So yes, I believe in a God of love, but not one who controls life. God in life but not controlling life. The God I believe has to come alive through our being. It may not be an adequate answer, but it is one I experience through my fragile human being. I respond to the idea of a God of Love, as my experiences and observations of life suggest this. I also experience this love coming to life as I am with those who suffer and do all I can to be with them in their pain, but I cannot prove that beyond doubt.

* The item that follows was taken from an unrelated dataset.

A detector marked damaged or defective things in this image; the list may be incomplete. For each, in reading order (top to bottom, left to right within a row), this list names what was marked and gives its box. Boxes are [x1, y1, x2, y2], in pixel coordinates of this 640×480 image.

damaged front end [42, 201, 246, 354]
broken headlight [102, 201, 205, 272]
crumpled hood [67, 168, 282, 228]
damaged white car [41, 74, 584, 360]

My growing sense of Universalism and Panentheism helps me to live faithfully, in love, in a world in which there is so much beauty but also heartbreaking suffering, some natural but an awful lot caused by our inhumanity. I accept that no matter how lovingly I and others live, that horrific, dare I say evil, things will happen both personally and universally. So where is the God of love? Well it comes alive in the response to this suffering. It is the God of love, that allows one to come through even the most horrific situations, with a response grown from a sacred reverence for life itself. This is the God of Love that I worship, that is beyond my understanding.

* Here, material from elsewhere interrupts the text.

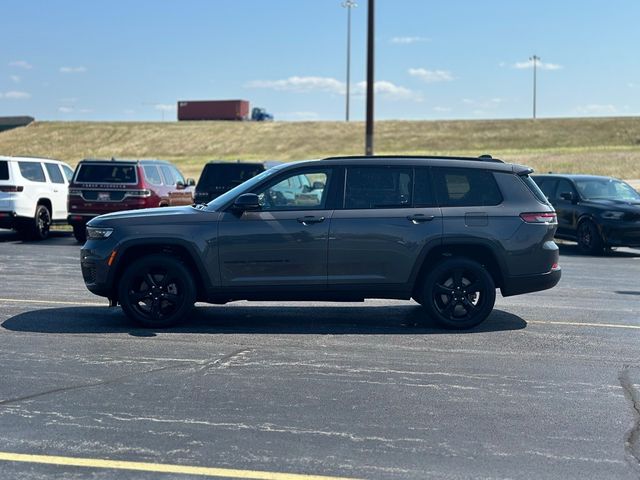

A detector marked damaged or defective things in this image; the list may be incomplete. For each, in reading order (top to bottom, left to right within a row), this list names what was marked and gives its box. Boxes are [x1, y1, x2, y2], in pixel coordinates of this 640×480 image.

crack in pavement [0, 346, 254, 406]
crack in pavement [616, 366, 636, 470]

I have come to believe that it is our holy duty to respond to the suffering of others, to stand in solidarity with them and act in holy compassion and never to declare the other as somehow less than human.

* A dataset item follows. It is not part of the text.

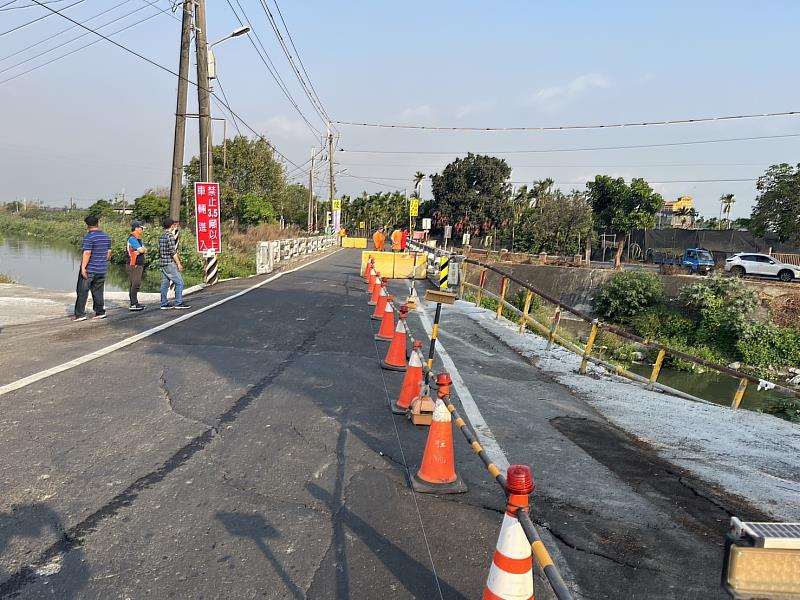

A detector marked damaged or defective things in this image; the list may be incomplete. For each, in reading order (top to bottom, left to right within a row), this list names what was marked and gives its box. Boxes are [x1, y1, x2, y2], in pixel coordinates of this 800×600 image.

cracked asphalt surface [0, 248, 764, 596]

In my prayers I ask this Universal Love to help me feel a deep connection to all life and to bring some healing to the world in which I live and the world beyond my being.

It is, I believe, our holy duty to begin to bring healing to our world, to wipe the tears that flow from our humanity and to repair the tears in the fabric of the world, to bring compassion and love to those in fear, to bind up the broken and bring wholeness to those who feel separated from the love in life. This is the call of love from the God of my limited understanding.

It is a call that asks my senses to be opened to the world and instead of being delivered from evil, it is call from an ever-loving God to be delivered to the suffering in this world.

I’m sorry if it does not answer why a God of love would allow suffering. I am sorry if that is not good enough. I am sorry. I cannot sincerely offer any more. I cannot give an opiate that relieves us of pain. I can only offer a loving response to that pain.

All I can offer is a loving purpose that comes to life in this beautiful and at times suffering world.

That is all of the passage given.